L’applicazione permette l’importazione di tutti i formati video più comuni, come AVI, MOV, MP4, MPEG, OGG, WMV, MPEG-2, MPEG-4, DivX e Xvid, supporta il drag and drop e mette a disposizione diversi modelli da utilizzare per creare i menu dei propri DVD.
L’utilizzo è molto semplice, nella schermata principale vengono infatti mostrati tutti gli elementi che compongono un DVD, i video, le tracce audio, i sottotitoli e i menu.
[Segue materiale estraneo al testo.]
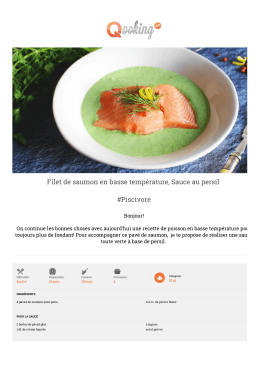 Fiche PDF &agrave; imprimer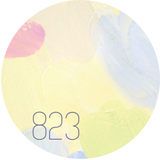 hal_823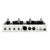 Mooer Preamp Live 4-Channel Preamp & Cabinet Simulation Guitar Effects Pedal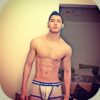 nudepinoy fimeim b send your nude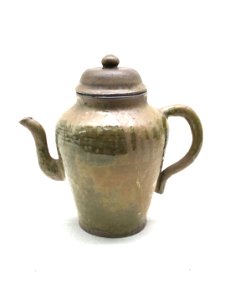 Aichi Prefectural Ceramic Museum 2018 (041)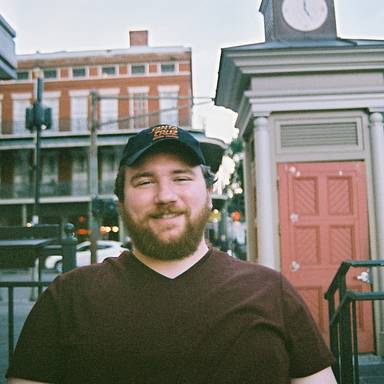 leeryhermit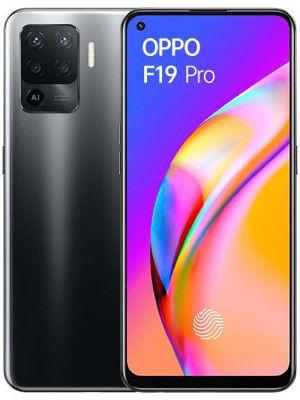 oppo f19 pro price 256gb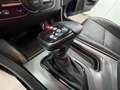 Dodge Charger 3.6 SXT Plus/Vollausstattung/U-Frei+1Hd/ Blau - thumbnail 28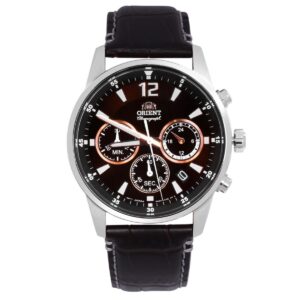 Ra Kv0006y10b 1712568714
Questi possono essere configurati in modo molto veloce.
Un limite è da individuare nella mancanza di un’anteprima interattiva dei progetti che vengono realizzati.
Per vedere il risultato è quindi necessario masterizzare il DVD o creare un file ISO.

dvdstyler

Amok Burning è un programma che non richiede l’installazione che permette di masterizzare CD e DVD, ma non Blu-Ray.
La caratteristica principale è da individuare nella semplicità, non troviamo infatti strumenti aggiuntivi presenti in altre applicazioni di questo tipo, come quelli per la gestione dei file multimediali.
Permette di masterizzare dischi dati, Cd audio e DVD video in modo semplice e veloce.
Tra le funzionalità troviamo il supporto per le sessioni multiple e la copia tra supporti.
Da segnalare che l’applicazione non è aggiornata da diverso tempo, l’interfaccia non è quindi molto moderna.
Il programma è gratis, tradotto anche in italiano e risulta essere disponibile per Windows.

amok

Conclusioni

I programmi per masterizzare CD, DVD e Blu-ray gratis sono numerosi e rappresentano una valida alternativa alle applicazioni a pagamento.
A mio parere, le due soluzioni migliori sono ImgBurn e Ashampoo Burning Studio Fre.
ImgBurn è consigliato a chi vuole il massimo controllo sulla masterizzazione e necessita di opzioni avanzate che permettano di configurare con precisione il modo in cui viene eseguita l’operazione.
Ashampoo Burning Studio Fre è invece la soluzione giusta per chi vuole qualcosa che sia facile da usare e che offra la possibilità a tutti di eseguire la masterizzazione in modo veloce.